…new organisation formed to get them involved in oil and gas sector
By Navendra Seoraj
A GROUP of young people have pooled their resources and ideas together to form the Youth and Oil Association (YOA), which is aimed at empowering young entrepreneurs and professionals to take advantage of direct and indirect opportunities in the budding oil and gas sector.
Over the years, young people have been taking a front seat in development, so it was only fitting for them to feel the benefits from what is expected to be a massive petroleum industry.
“The YOA came about as a result of Guyana’s two richest resources, youth and oil, which we have in abundance…one is being explored and extracted and the other is yet to be explored and extracted, so we took it on ourselves to bring about something which young businesses and individuals are in need of,” said President of YOA, Dennon Lewis, during his remarks at the launch of the association, last Thursday.
The association is a Non-Governmental Organisation (NGO) and not-for-profit organisation, which was established to help youth-based businesses become more viable and sustainable, so that they can benefit from the various opportunities as well as the spill-offs from the oil industry.
Lewis said the association hopes to educate individuals on the direct and indirect benefits in oil and gas, and to advocate for the right policies, which would result in young people benefitting from the emerging industry. The YOA already intends on pushing for the implementation of the Local Content Policy which has been on the discussion table for a while.
As they push for local involvement, the group also intends on paying close attention to the reality that many young people are yet to understand the direct link between their ventures and the oil and gas sector. For instance, it is unclear how an entertainer brining artistes to Guyana or how someone in the transportation sector will benefit from the oil and gas sector.
“Our aim is to bring this information to the young people and assist them in getting the right standards and quality, the right certifications, so they can be competitive like the other businesses,” said Lewis.
The mission of the YOA is to create opportunities for Guyanese youth from oil and gas through education, advocacy and support.
YOA believes that by educating individuals about the oil sector, persons would be more equipped to benefit from the ripple effect of the sector and will be further empowered to cash in on the other opportunities available through indirect industries and sectors. The team, headed by a youth-centre executive body, will be working closely to provide support in the form of financing, coaching and technical expertise through partnerships with multiple organisations and companies.
“As it is right now we are in talks with local and international bodies which are in agreement with the calls for the association,” said Lewis, adding that the association is also engaging partners and organisations, which will offer technical services or provide capital for startup businesses.
One of the association’s affiliates, the Masterclass Institute, has already pledged $3M in scholarships for members of the association, who need training in the areas of entrepreneurship, technology, agriculture and leadership/management.

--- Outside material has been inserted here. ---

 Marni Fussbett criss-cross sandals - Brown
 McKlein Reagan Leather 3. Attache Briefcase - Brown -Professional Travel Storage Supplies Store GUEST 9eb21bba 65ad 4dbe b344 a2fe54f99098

Another YOA affiliate, Kaizen Consultancy, has also offered to assist young people with the process of business registration and to guide them through the legal aspects of business in Guyana. “Young people are often discouraged from getting grants and funding because of the paperwork or they just find the process tedious… the consultancy company will help with things such as GRA, NIS and business registration so that every business that comes through is compliant with the local laws,” said Lewis.
The organisation, along with its affiliates, will also provide simplified information on oil and gas to its members. The association already has a total of 53 members from different regions and five affiliates.
Going forward in its first year, the association will be open and free so that young people could benefit from the services offered. From the second year, based on operation costs, there will be a membership fee. “We have members as far as Berbice…if we have thousands of young people we will consider having arms in various regions because if we put a cap we will limit persons,” said Lewis. To become a member of the YOA, persons must be between the ages of 16 and 35 years and must have a business or a business idea.
Legal Director of the YOA, Ayodele Roache, said persons have to be 18 years old to legally own a business, but the association has their limit at 16 years old because they intend on championing the call for the law to be changed. She said there is a lot to be done, but the association will “hit the ground running” and ensure that young people start seeing the benefits soon.